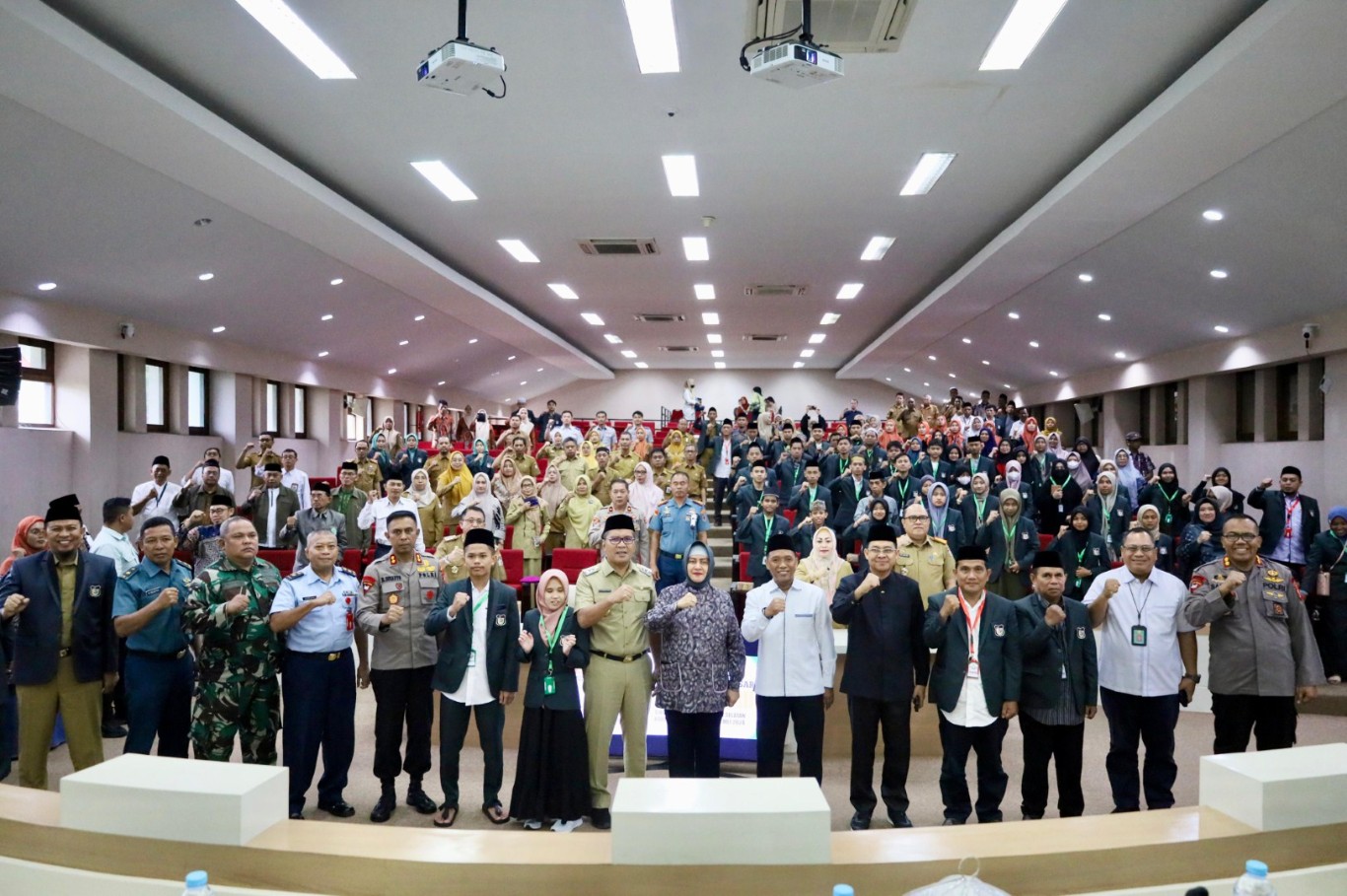 ist MELEPAS--Wali Kota Makassar Moh Ramdhan Pomanto melepas kontingen Kafilah Kota Makassar MTQ XXXIII di Ruang Sipakatau Balai Kota, Senin (29/4).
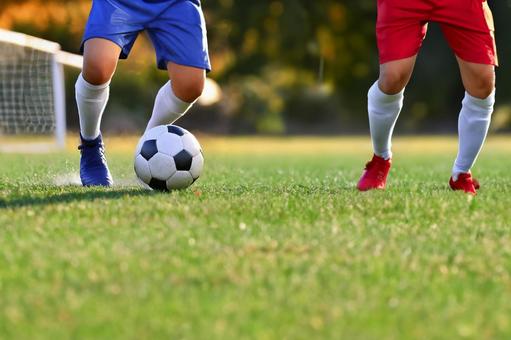 サッカー、「イエローカード」「レッドカード」に加え新たに「ブルーカード」導入へ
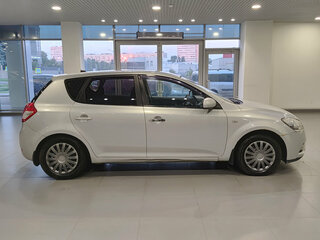 2010 Kia Ceed I Рестайлинг, серебристый, 549000 рублей, вид 4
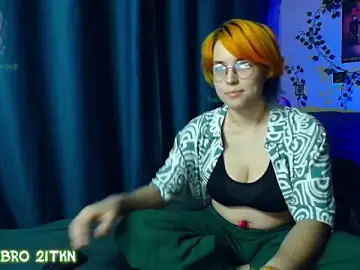 Stripchat Adult Webcam of TrickyKitsune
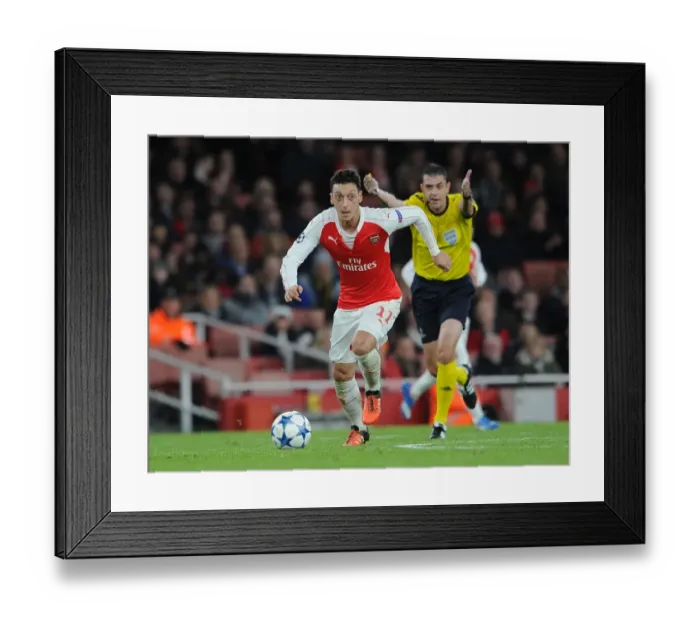 Framed Print : Mesut Ozil in Action: Arsenal vs Dinamo Zagreb, UEFA Champions League 2015-16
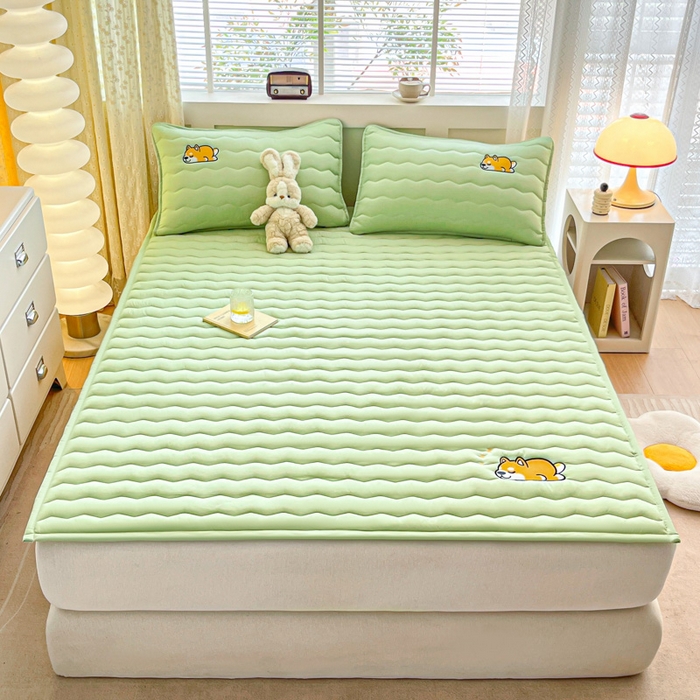 91家纺网 家纺一手货源 找家纺 恋绒家纺 2025新款刺绣款床褥床护垫绣花床垫 柯基KJ-薄荷绿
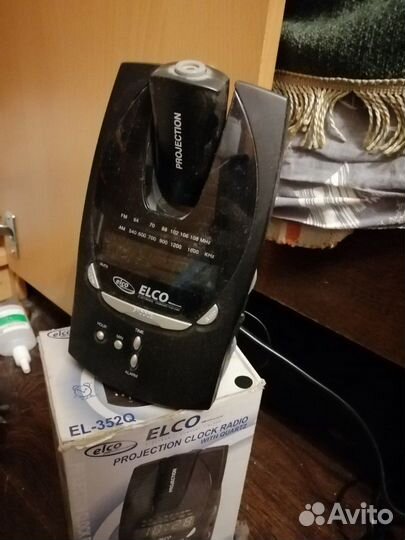 Часы с проектором и радио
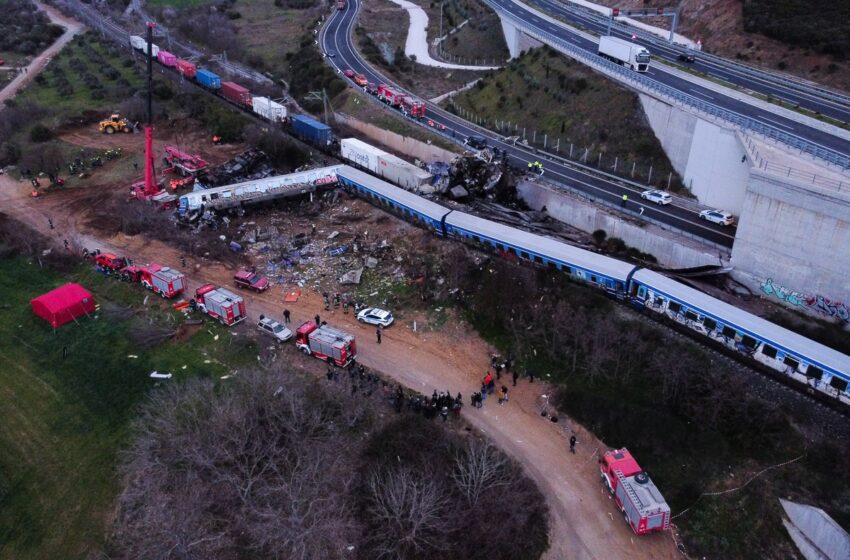  Μητσοτάκης και Σακελλαροπούλου στον τόπο της τραγωδίας στα Τέμπη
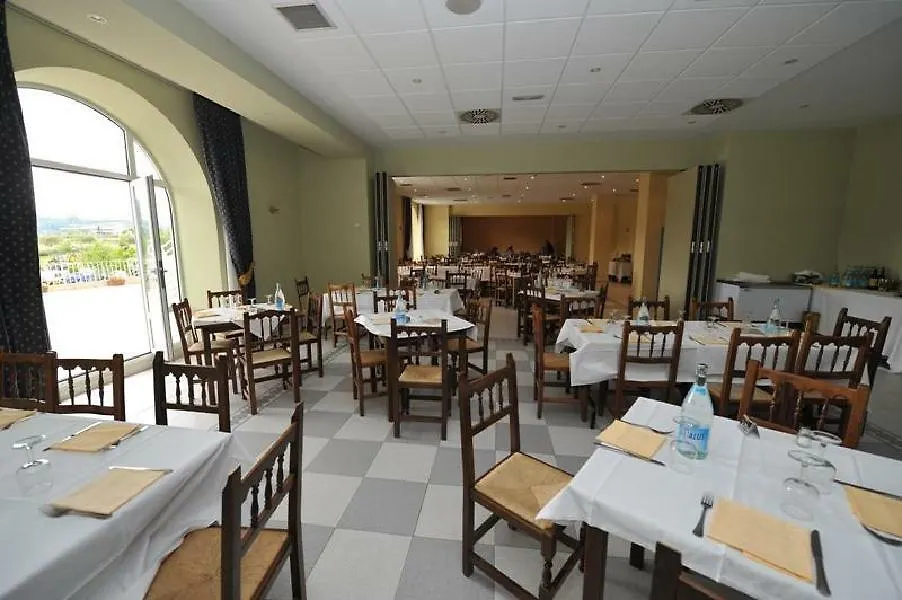 Hotel Seminario Aeropuerto Bilbao Derio 3*,
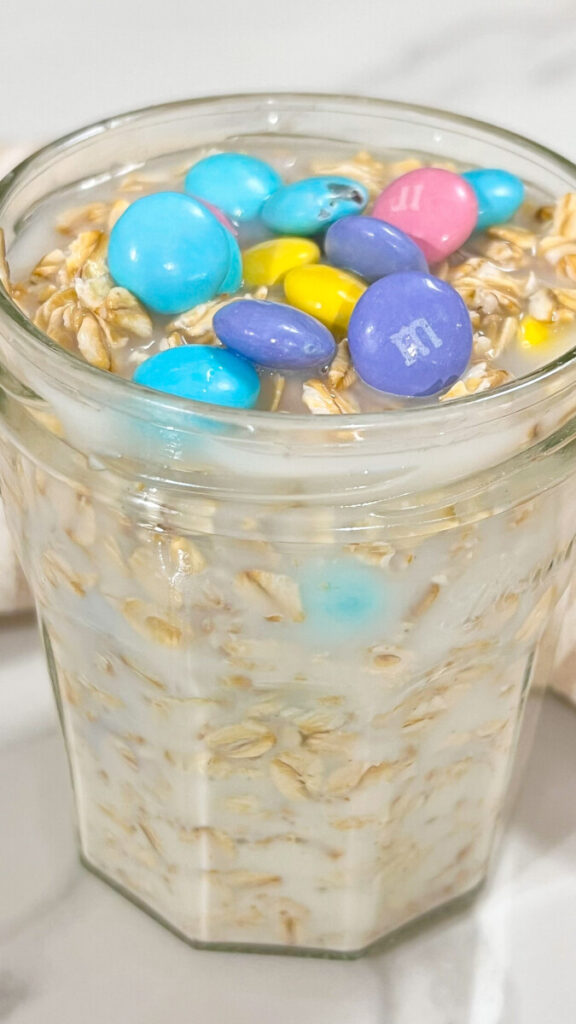  IMG_0359_jpg-576x1024 Easter M&M Overnight Oats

WORK INSTRUCTION: Take the lines from the one that contains "サッカー、「イエローカード」「レッドカード」に加え新たに「ブルーカード」導入へ" down to the last line of the listing above, both included, and set them down exactly, leaving out pictures.

RESULT OF THIS EXERCISE:
 サッカー、「イエローカード」「レッドカード」に加え新たに「ブルーカード」導入へ
 2010 Kia Ceed I Рестайлинг, серебристый, 549000 рублей, вид 4
 Stripchat Adult Webcam of TrickyKitsune
 Framed Print : Mesut Ozil in Action: Arsenal vs Dinamo Zagreb, UEFA Champions League 2015-16
 91家纺网 家纺一手货源 找家纺 恋绒家纺 2025新款刺绣款床褥床护垫绣花床垫 柯基KJ-薄荷绿
 Часы с проектором и радио
  Μητσοτάκης και Σακελλαροπούλου στον τόπο της τραγωδίας στα Τέμπη
 Hotel Seminario Aeropuerto Bilbao Derio 3*,
  IMG_0359_jpg-576x1024 Easter M&M Overnight Oats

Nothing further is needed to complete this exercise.